The reaction between calcium oxide (CaO) and water (H2O) to produce calcium hydroxide (Ca(OH)2) is as follows:

CaO + H2O → Ca(OH)2

From the balanced chemical equation, we can see that one mole of CaO reacts with one mole of H2O to produce one mole of Ca(OH)2.

First, we need to calculate the number of moles for CaO and H2O.

The molar mass of CaO = 40.08 g/mol (for Ca) + 16.00 g/mol (for O) = 56.08 g/mol The molar mass of H2O = 1.01 g/mol (for H) x 2 + 16.00 g/mol (for O) = 18.02 g/mol

Number of moles of CaO = mass / molar mass = 150.0 g / 56.08 g/mol = 2.67 mol Number of moles of H2O = mass / molar mass = 50.0 g / 18.02 g/mol = 2.77 mol

The reaction is limited by the reactant that is present in the smallest amount. In this case, it is CaO because it has fewer moles.

Therefore, the number of moles of Ca(OH)2 produced is equal to the number of moles of CaO, which is 2.67 mol.

Finally, we calculate the mass of Ca(OH)2 produced.

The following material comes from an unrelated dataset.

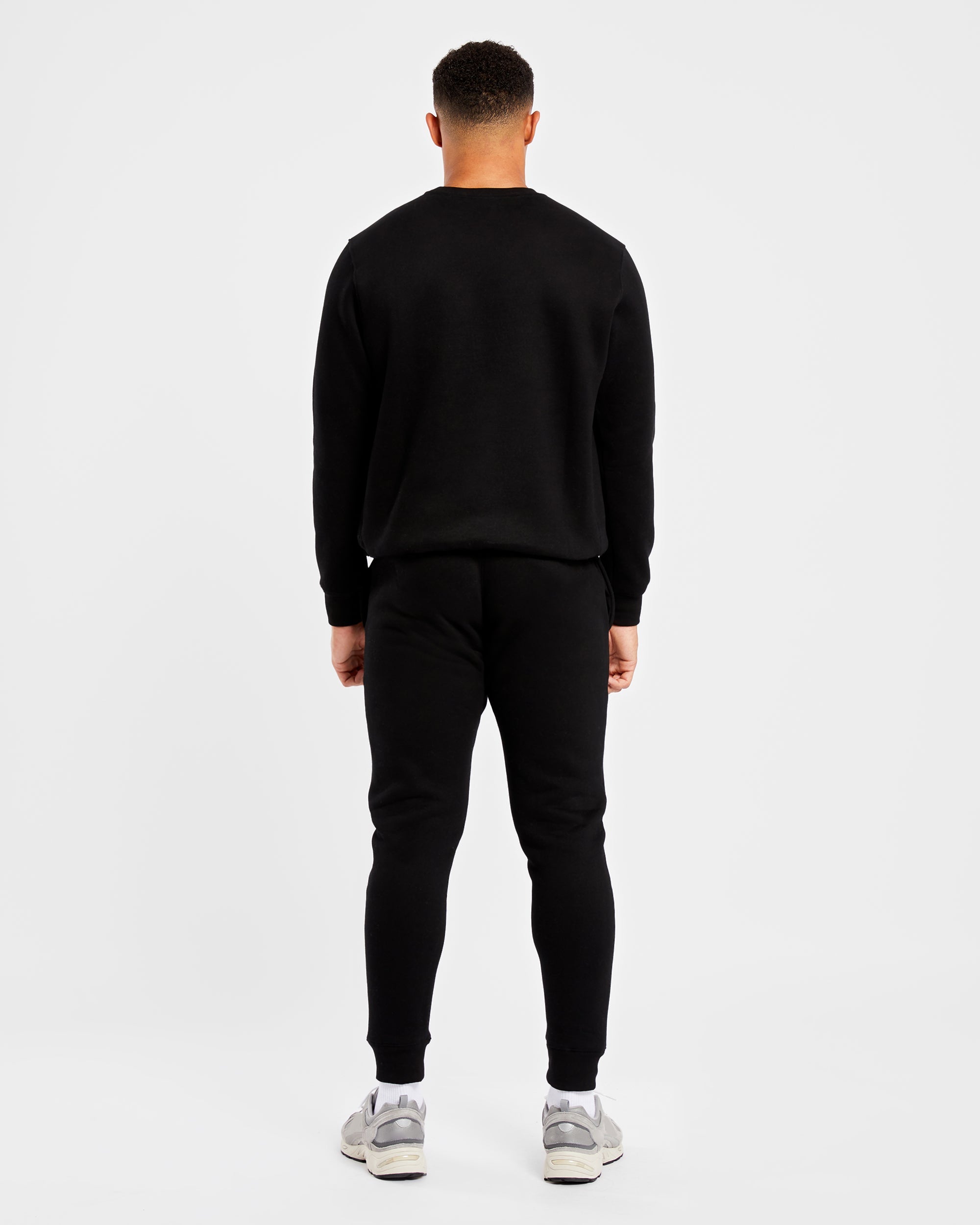 Essential Sweater - Schwarz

The molar mass of Ca(OH)2 = 40.08 g/mol (for Ca) + 15.999 g/mol (for O) x 2 + 1.01 g/mol (for H) x 2 = 74.10 g/mol

Mass of Ca(OH)2 = number of moles x molar mass = 2.67 mol x 74.10 g/mol = 197.8 g

So, 197.8 g of calcium hydroxide is produced by the complete reaction of 150.0 g CaO with 50.0 g of water.